O esquecimento não ameniza a dor. Ao contrário, transforma dor ou sofrimento em angústia e nos imobiliza como se nos amputassem braços e pernas. Quando a dor provém do crime, esquecer só abre portas ao próprio crime, mostra o domínio da impunidade e escancara a impotência da Justiça.
Assim, indago: a matança de 2013 na boate Kiss pode ser tratada como rixa ou bate-boca entre vizinhos, em que tudo é difuso e tem de ser lento para definir se houve crime e criminosos?
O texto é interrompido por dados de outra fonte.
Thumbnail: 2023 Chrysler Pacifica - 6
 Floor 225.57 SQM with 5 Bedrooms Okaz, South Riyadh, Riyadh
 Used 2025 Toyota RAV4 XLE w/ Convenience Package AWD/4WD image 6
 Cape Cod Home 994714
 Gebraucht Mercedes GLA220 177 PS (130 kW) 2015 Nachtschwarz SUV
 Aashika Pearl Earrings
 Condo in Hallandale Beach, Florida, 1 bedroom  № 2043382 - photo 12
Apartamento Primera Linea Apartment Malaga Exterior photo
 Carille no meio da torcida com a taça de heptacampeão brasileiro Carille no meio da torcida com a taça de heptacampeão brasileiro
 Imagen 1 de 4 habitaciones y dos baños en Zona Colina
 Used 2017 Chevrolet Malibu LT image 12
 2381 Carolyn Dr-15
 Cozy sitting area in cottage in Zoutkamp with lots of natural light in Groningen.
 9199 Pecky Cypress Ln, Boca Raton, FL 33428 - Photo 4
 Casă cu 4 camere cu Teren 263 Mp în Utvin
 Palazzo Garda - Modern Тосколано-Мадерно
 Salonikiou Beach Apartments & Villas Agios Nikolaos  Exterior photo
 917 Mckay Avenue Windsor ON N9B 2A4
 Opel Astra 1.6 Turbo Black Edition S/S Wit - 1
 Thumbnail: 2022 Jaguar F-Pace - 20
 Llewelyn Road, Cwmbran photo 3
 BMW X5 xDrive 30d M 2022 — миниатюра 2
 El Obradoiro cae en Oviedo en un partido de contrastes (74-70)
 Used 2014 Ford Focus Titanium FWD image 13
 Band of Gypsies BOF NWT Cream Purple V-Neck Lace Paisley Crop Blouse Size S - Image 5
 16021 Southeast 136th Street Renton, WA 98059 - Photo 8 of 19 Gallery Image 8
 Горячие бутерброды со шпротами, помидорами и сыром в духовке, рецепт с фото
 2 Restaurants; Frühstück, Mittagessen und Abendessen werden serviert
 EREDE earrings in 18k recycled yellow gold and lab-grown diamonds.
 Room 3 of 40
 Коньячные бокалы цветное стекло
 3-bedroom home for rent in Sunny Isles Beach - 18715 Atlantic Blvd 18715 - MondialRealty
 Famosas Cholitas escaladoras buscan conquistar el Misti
Ou a lentidão do aparelho judicial já nos fez esquecer os 242 mortos e os 630 afetados pela pestilência do cianeto e monóxido de carbono?
***
A cena macabra das centenas de corpos, lado a lado no ginásio desportivo de Santa Maria na manhã de 27 de janeiro de 2013, percorreu o mundo como mostra do horror. Eu estava no litoral do Estado do Rio de Janeiro e, pela Deustche Welle e pela TV France, acompanhei aquele horrendo desfile que me chegava via Europa, em alemão e francês, como um retrato do Rio Grande. O mundo inteiro atordoou-se conosco. A presidente Dilma interrompeu a reunião América Latina-União Europeia, no Chile, e voou a Santa Maria. Cada detalhe novo aprofundava o horror da chacina.
A investigação policial foi minuciosa e profunda. Sem frestas, apontou todos os responsáveis. De um lado, dos "fandangueiros" aos donos da Kiss e capangas, que trancaram portas para impedir "fugas". De outro, os bombeiros e o prefeito Cezar Schirmer, que liberaram a tétrica ratoeira sem portas de emergência.
***
Em quatro anos, porém, qual o resultado? Tudo tende a se diluir, como se os únicos culpados fossem as vítimas. Em termos concretos, o que a Justiça fez neste tempo? Primeiro, os promotores públicos de Santa Maria atenuaram as conclusões da investigação policial. E o prefeito, os funcionários municipais e parte dos bombeiros saíram ilesos, sem chamuscar-se em responsabilidades ou culpas.
Ao chegar aos juízes, o cerne do processo já se extraviara nas interpretações. O emaranhado dos papéis suplantou a grotesca realidade e restaram apenas quatro indiciados pela chacina – os donos da boate e dois fogueteiros da banda. Todos em liberdade!
A visão de impunidade, que recém começava, foi além e cresceu. Hoje, familiares das vítimas respondem a processo por "calúnia e difamação", por criticarem a benevolência da Promotoria de Santa Maria. Viraram réus da Justiça, tal qual os quatro responsáveis diretos pela morte de seus filhos. E sem que os indiretos sequer respondam por coisa alguma!
***
Agora, sem esperança de que surja Justiça, familiares das vítimas recorreram à Comissão Interamericana de Direitos Humanos da OEA. O órgão não aplica penas pessoais e irá, apenas, responsabilizar entes do Estado, como prefeitura e bombeiros.
Mas o apelo ao organismo internacional mostra como o crime anda à solta por aqui, enquanto a Justiça se enreda em leguleios que fazem esquecer o núcleo do horror.
***
Há muito, porém, o delito reina impune no Rio Grande.
Nosso maior assalto ao dinheiro público dorme desde 1996 nas gavetas da 2ª Vara da Fazenda Pública, em "segredo de Justiça". Ocorreu em 1987 (no governo Pedro Simon, do PMDB) numa organizada roubalheira que lesou a CEEE em mais de R$ 850 milhões, em valores atuais, superior até ao "mensalão" de Lula em Brasília.
Nunca houve julgamento ou sentença. Estão envolvidas 12 grandes empresas (várias da Lava-Jato) e 23 pessoas físicas, algumas mortas, como o principal acusado, Lindomar Rigotto, assassinado anos atrás.
Em 1º de junho de 2014, dei aqui detalhes do crime. Depois, os repeti em 2015 e 2016. Nada foi adiante. Nem a oposição mencionou o assunto, como se todos se autoprotegessem. Só o ex-governador Germano Rigotto me escreveu para explicar que (mesmo sendo, na época, líder do governo Simon na Assembleia) não havia indicado o irmão Lindomar para a diretoria da CEEE.
Que segredos esconde essa podridão para que Ministério Público e juízes se calem e os políticos nem sequer simulem indignação?
Ou, no reino impune, tudo leva a esquecer?